Please also see node groups configuration for node groups configuration in general.
nodeset -L/--list-all option¶
Additionally, the nodeset command also has a new option
-L
or --list-all
to list groups from all sources (-l
only lists
groups from the default source). This can be useful when configuring
ClusterShell and/or troubleshooting node group sources:
$ nodeset -LL
@adm example0
@all example[2,4-5,32-159]
@compute example[32-159]
@gpu example[156-159]
@io example[2,4-5]
@racks:new example[4-5,156-159]
@racks:old example[0,2,32-159]
@racks:rack1 example[0,2]
@racks:rack2 example[4-5]
@racks:rack3 example[32-159]
@racks:rack4 example[156-159]
@cpu:hsw example[64-159]
@cpu:ivy example[32-63]
Special group @*¶
The special group syntax @*
(or @source:*
if using explicit source
selection) has been added and can be used in configuration files or with
command line tools. This special group is always available for file-based node
groups (return the content of the all group, or all groups from the source
otherwise). For external sources, it is available when either the all
upcall is defined or both map and list upcalls are defined. The all
special group is also used by clush -a
and nodeset -a
. For example,
the two following commands are equivalent:
$ nodeset -a -f
example[2,4-5,32-159]
$ nodeset -f @*
example[2,4-5,32-159]
Exec worker¶
Version 1.7 introduces a new generic execution worker named
ExecWorker
as the new base class for most exec()-based worker
classes. In practice with clush, you can now specify the worker in
command line using --worker
or -R
and use exec. It also supports
special placeholders for the node (%h) or rank (%n). For example, the
following command will execute ping commands in parallel, each with a
different host from hosts cs01, etc. to cs05 as argument and then
aggregate the results:
$ clush -R exec -w cs[01-05] -bL 'ping -c1 %h >/dev/null && echo ok'
cs[01-04]: ok
clush: cs05: exited with exit code 1
This feature allows the system administrator to use non cluster-aware tools in
a more efficient way. You may also want to explicitly set the fanout (using
-f
) to limit the number of parallel local commands launched.

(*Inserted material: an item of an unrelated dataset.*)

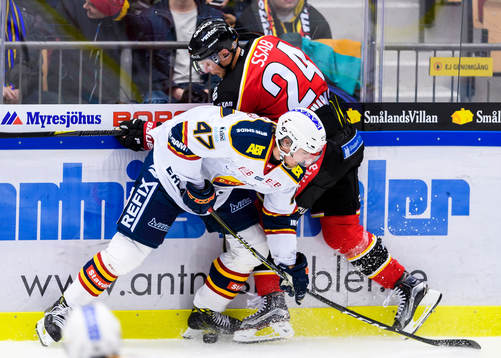 Djurgårdens Linus Johansson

Please see also clush worker selection.
Rsh worker¶
Version 1.7 adds support for rsh
or any of its variants like krsh
or
mrsh
.
rsh
and ssh
also share a lot of common mechanisms. Worker Rsh was
added moving a lot of Worker Ssh code into it.
For clush
, please see clush worker selection to
enable rsh
.
To use rsh
by default instead of ssh
at the library level, install the
provided example file named defaults.conf-rsh
to
/etc/clustershell/defaults.conf
.
Tree Propagation Mode¶
The ClusterShell Tree Mode allows you to send commands to target nodes through a set of predefined gateways (using ssh by default). It can be useful to access servers that are behind some other servers like bastion hosts, or to scale on very large clusters when the flat mode (eg. sliding window of ssh commands) is not enough anymore.
The tree mode is now documented, it has been improved and
is enabled by default when a topology.conf
file is found. While it is still
a work in progress, the tree mode is known to work pretty well when all gateways
are online. We'll continue to improve it and make it more robust in the next
versions.
Configuration files¶
When $CLUSTERSHELL_CFGDIR
or $XDG_CONFIG_HOME
are defined,
ClusterShell will use them to search for additional configuration files.
If $CLUSTERSHELL_CFGDIR
is not defined, the global configuration files will
be searched for in /etc/clustershell
PIP user installation support¶
ClusterShell 1.7 is now fully compatible with PIP and supports user configuration files:
$ pip install --user clustershell
Please see Installing ClusterShell as user using pip.